EXTRACTED DATA:
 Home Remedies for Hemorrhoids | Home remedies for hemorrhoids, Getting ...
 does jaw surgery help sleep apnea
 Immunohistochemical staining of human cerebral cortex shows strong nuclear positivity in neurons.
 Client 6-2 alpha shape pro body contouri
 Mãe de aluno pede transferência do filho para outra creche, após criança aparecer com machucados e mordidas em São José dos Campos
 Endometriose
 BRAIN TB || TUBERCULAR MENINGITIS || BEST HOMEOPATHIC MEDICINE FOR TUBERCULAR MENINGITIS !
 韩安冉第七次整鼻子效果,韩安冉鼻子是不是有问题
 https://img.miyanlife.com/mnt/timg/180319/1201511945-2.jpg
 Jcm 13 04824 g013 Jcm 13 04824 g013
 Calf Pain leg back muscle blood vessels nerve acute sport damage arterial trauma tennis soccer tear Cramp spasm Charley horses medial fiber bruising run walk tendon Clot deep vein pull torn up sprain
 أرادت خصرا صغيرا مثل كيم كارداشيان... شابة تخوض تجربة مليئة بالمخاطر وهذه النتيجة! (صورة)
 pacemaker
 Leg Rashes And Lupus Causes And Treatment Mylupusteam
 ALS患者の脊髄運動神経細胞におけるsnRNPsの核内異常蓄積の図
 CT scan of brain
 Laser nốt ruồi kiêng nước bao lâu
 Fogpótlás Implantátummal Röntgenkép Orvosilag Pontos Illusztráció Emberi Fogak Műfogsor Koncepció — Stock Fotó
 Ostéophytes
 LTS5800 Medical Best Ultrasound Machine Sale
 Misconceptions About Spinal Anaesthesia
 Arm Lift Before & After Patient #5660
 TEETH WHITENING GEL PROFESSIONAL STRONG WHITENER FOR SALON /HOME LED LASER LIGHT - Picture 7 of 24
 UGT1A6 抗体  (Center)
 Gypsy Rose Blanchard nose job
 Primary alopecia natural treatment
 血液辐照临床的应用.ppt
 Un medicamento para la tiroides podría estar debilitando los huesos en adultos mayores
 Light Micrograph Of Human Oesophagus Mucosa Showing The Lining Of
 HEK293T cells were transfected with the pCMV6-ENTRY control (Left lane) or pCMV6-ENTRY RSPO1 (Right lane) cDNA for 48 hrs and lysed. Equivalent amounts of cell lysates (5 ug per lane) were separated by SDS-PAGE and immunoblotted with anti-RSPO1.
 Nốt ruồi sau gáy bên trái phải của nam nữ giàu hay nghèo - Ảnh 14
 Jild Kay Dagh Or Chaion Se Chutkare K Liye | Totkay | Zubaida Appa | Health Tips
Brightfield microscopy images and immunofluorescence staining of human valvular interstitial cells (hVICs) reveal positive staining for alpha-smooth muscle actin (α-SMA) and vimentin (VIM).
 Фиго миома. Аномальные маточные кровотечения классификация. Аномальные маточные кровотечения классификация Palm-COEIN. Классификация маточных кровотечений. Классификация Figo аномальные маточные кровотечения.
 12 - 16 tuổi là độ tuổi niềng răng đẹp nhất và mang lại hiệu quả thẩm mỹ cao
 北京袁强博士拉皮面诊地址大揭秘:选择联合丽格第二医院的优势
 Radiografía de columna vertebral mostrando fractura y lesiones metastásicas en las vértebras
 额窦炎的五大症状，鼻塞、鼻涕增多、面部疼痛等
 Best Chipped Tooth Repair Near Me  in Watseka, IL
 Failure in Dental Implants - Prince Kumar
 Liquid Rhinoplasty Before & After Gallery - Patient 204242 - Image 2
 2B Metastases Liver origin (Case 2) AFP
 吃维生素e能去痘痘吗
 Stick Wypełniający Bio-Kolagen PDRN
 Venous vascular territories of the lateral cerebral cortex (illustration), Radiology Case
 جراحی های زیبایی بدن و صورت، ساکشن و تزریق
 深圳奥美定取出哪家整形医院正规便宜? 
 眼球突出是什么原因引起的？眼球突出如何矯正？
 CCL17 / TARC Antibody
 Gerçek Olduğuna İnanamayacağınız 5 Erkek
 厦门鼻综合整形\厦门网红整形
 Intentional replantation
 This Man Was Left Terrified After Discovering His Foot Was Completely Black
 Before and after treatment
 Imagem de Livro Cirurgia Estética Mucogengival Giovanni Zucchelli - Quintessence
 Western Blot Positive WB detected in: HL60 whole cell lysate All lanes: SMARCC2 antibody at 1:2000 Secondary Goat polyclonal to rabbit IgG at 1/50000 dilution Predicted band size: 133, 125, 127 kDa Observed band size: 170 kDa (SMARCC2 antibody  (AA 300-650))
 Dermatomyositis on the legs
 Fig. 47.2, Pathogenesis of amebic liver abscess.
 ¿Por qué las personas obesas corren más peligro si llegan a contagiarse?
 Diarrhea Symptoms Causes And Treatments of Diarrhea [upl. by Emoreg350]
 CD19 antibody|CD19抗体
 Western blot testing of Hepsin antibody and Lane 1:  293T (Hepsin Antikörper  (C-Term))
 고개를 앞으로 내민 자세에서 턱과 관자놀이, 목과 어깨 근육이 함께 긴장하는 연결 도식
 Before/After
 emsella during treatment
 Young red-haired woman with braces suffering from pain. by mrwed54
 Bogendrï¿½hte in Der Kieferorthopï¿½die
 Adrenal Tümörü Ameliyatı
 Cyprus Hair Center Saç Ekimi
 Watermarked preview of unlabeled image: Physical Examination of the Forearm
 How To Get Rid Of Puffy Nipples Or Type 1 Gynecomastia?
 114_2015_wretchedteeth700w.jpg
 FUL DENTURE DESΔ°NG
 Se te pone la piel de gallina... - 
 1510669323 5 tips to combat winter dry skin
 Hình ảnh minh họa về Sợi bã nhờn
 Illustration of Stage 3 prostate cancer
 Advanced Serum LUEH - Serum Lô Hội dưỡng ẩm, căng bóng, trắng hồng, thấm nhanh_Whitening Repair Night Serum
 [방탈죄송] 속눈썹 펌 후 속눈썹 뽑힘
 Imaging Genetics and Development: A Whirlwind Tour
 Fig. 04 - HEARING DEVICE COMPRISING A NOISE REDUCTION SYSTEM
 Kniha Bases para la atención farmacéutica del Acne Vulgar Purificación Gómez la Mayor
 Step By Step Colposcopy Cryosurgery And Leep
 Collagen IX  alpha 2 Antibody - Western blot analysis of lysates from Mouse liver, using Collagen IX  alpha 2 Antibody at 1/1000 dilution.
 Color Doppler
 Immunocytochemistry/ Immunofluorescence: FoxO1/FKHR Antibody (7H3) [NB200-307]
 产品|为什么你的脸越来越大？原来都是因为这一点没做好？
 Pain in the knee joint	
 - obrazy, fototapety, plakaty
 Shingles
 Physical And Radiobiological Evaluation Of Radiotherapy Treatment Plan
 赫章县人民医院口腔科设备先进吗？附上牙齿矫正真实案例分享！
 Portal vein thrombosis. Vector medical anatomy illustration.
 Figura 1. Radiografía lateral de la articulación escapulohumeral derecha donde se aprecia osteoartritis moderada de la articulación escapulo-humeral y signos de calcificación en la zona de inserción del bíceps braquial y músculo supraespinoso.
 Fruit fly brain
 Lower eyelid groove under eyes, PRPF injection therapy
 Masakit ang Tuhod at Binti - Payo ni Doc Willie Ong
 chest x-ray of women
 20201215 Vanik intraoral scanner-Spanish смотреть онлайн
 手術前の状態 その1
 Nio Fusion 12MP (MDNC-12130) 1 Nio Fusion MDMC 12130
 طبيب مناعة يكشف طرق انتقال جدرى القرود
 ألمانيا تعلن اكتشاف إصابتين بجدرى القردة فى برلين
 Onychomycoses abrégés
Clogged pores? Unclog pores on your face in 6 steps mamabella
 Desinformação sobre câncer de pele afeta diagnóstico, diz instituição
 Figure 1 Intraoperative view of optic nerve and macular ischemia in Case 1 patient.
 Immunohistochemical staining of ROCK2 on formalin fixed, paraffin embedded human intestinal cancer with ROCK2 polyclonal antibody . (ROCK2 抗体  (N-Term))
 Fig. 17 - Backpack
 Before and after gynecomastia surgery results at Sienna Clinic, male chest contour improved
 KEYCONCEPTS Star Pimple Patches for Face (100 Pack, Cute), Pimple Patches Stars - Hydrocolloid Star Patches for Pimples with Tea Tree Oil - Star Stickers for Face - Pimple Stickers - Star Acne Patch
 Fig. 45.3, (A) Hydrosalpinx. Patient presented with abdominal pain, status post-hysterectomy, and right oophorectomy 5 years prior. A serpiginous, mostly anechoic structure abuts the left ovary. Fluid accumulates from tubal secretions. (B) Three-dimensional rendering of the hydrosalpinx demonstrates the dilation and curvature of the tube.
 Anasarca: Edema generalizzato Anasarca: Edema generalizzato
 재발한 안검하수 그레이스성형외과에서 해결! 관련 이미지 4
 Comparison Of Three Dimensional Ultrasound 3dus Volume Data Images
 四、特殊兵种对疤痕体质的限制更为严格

WORK INSTRUCTION: Write out, word for word, the line that contains "Anasarca: Edema generalizzato Anasarca: Edema" and every line after it through the last line of the listing.

ANSWER FOR THIS EXERCISE:
 Anasarca: Edema generalizzato Anasarca: Edema generalizzato
 재발한 안검하수 그레이스성형외과에서 해결! 관련 이미지 4
 Comparison Of Three Dimensional Ultrasound 3dus Volume Data Images
 四、特殊兵种对疤痕体质的限制更为严格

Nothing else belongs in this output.